しかし、何を想っていようが午後の対局は始まる。私の四間飛車(今期17局用いた)にT三段は何と鳥刺し。面喰いつつも制勝。
21日午後。中座(真)三段に相振りを匂わされ中飛車に。終始、強引気味の指し回しで勝ちきる。この辺を振り返ると、腹を括れていたとも考えられるが、負けていたら「ヤケを起こしたばかりに......」と漏らす破目になったかも。いかなる結果が出ようと「過程」に対し等しい評価を下すなんてことは難しい。
2日後の関西での結果が届くと、先の関東とも照らして好転を実感した。まだ「よくて......」の目は残っているので、とりあえず勝つ決意だけを固める。

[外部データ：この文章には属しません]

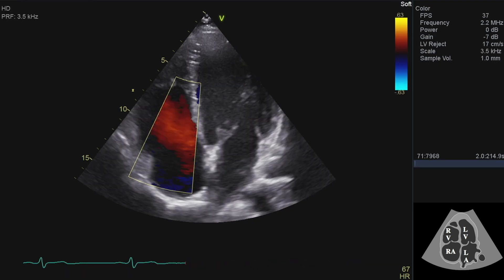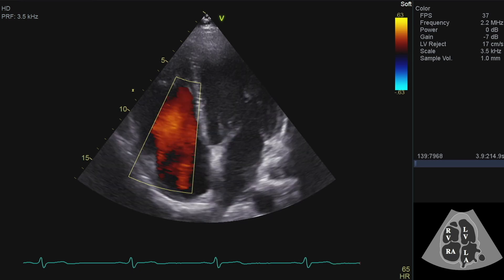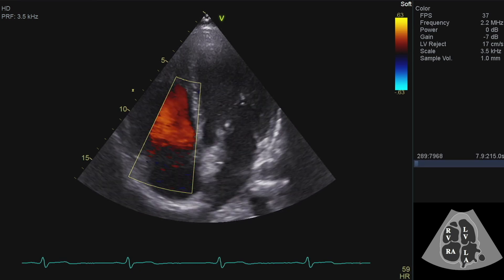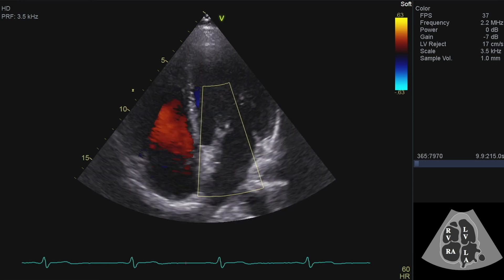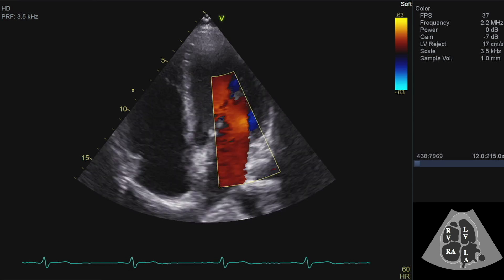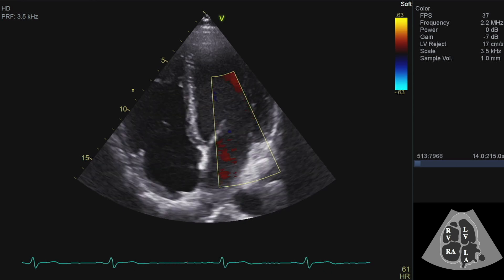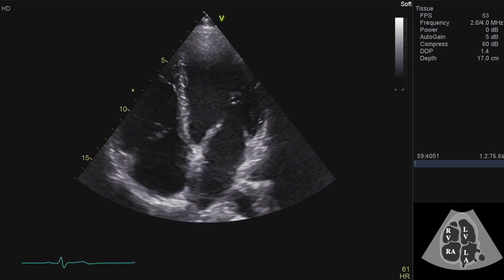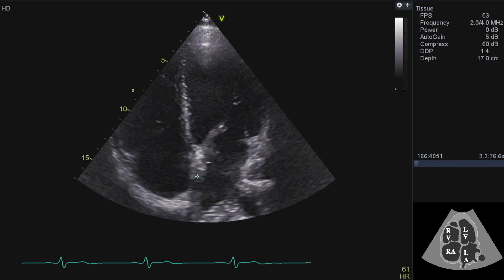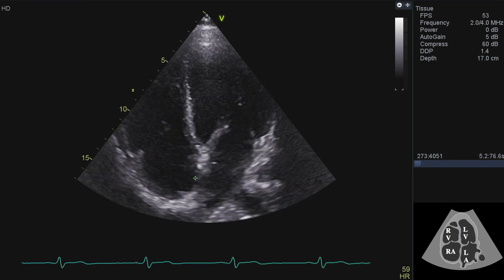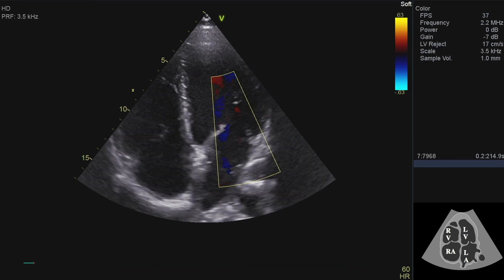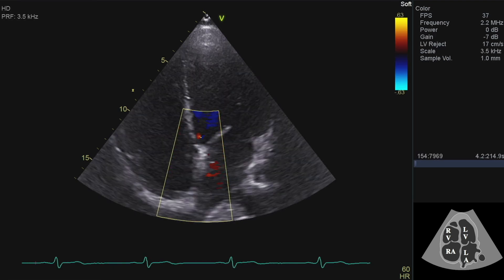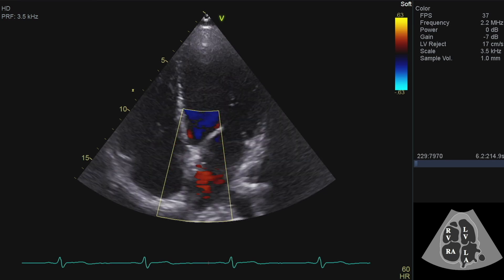I'll be putting some colour on like this. The red is forward flow through the tricuspid valve. I can't see any tricuspid regurgitation, and then I'll do exactly the same thing over on the mitral valve. I can see the interatrial septum quite well, but I'm not very well lined up for flow across it, so I'll probably want to look in a subcostal view to check if there's any ASD or PFO flow.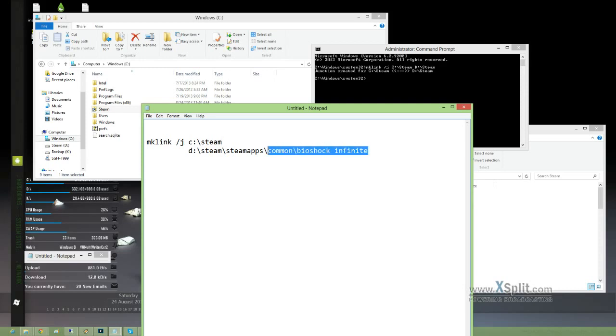If you want the entire Steam folder, just ignore all this and just go straight up. C Steam, D Steam. And there you go. That's how you will create junctions.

3月1日から2日未明。この一日弱は忘れがたい時間となった。最後の記録とすべく臨んだA級最終戦加藤(一二三)九段―小林(健二)八段戦。盤上も両先生の闘いぶりも、大いなる糧となった。
日付が変わり、すべての死闘もそれぞれの結末に帰して後の打ち上げの席で、桐谷(広人)六段から伺った一言。「周りの星は気にするな」。日頃、付け焼き刃の類は好まない私だが、なぜか今回は鵜呑みにする気になったのだ。思えばここですでに「受け止められて」いたのかもしれない。有吉(道夫)九段からも、大山(康晴)十五世名人に関するお話を伺い、正直感動するとともに恩師・花村(元司)九段の思い出が「力」となって甦った。
【図は▲2四同飛まで】
消える如く一日が過ぎて最終の3日。隣の対戦すら見ずにどうにか1勝。昼食後の木村(一基)三段戦は手将棋模様から図に至り、以下☗5三歩成☖5二歩☗5四歩と打ち合いで千日手に。悪くないと見ていた将棋なので気になったが、ともかくも指し直しで勝利。直後「援けられた」ことを知ったのだった......。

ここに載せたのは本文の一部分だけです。